FORMING A SLOW SLIPPING SUBDUCTION INTERFACE: P-T-T-X HISTORY OF METASOMATIC ROCKS

The interface between subducting and overriding plates is fluid-rich, chemically dynamic, and seismogenic. Constitutive relationships and microstructural evidence indicate that talc-rich rocks produced by metasomatism at this interface host episodic tremor and slow slip (ETS), but the chemical pathways producing talc and other metasomatic minerals remain unclear. Constraining the pressure-temperature-time-chemical evolution of such metasomatic rocks can reveal the full extent of their rheologic impact. We combine field mapping, geochemistry, geochronology, and thermometry to determine the P-T-t-X history for a suite of slow slip-hosting talc-, chlorite-, and amphibole-rich metasomatic rocks from the Catalina Schist (California). These rocks have both metasedimentary and ultramafic protoliths and compose the matrix of an exhumed subduction interface shear zone stratigraphically overlying coherent oceanic crust. Local exchange of Na, LILE and REE from metasedimentary to ultramafic rocks, and Mg, Fe, Cr, and Ni from ultramafic to metasedimentary rocks was complemented by addition of Ca from infiltrating fluid and loss of K from the system. Epidote veins in underlying metabasalts suggest dehydration of these rocks released the infiltrating Ca-bearing fluid. This metasomatism converted slab metasedimentary rocks to chlorite and actinolite schists and mantle wedge ultramafic rocks to talc and actinolite schists. Zr-in-rutile thermometry and RSCM of the metasomatic rocks indicate syn-kinematic metasomatism began during prograde subduction and continued through peak conditions comparable to those of modern episodic tremor and slow slip.
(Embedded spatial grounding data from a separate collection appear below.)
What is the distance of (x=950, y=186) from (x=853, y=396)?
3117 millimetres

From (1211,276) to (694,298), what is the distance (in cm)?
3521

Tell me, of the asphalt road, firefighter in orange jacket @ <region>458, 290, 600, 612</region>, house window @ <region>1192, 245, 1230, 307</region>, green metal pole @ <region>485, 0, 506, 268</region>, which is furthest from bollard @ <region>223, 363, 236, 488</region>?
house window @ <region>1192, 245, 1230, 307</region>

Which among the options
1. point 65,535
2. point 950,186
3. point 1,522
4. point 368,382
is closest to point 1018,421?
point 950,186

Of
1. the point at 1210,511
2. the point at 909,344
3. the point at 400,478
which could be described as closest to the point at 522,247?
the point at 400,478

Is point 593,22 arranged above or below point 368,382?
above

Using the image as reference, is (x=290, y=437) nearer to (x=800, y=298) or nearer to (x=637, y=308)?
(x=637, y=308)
Petrochronology of rutile and titanite overgrowths suggests the rutile-to-titanite reaction was catalyzed by metasomatism and constrains the timing of metasomatism to ~100 Ma consistent with subduction of this portion of the Catalina Schist. Both local exchange between juxtaposed lithologies and external fluid infiltration were key in driving metasomatism of the subduction interface and this work suggests Mg loss as a new pathway for talc formation in ultramafic rocks. Metasomatism spanned prograde through peak subduction and the source region of ETS representing a dynamic and evolving system impacting interface rheology across a broad range of depths.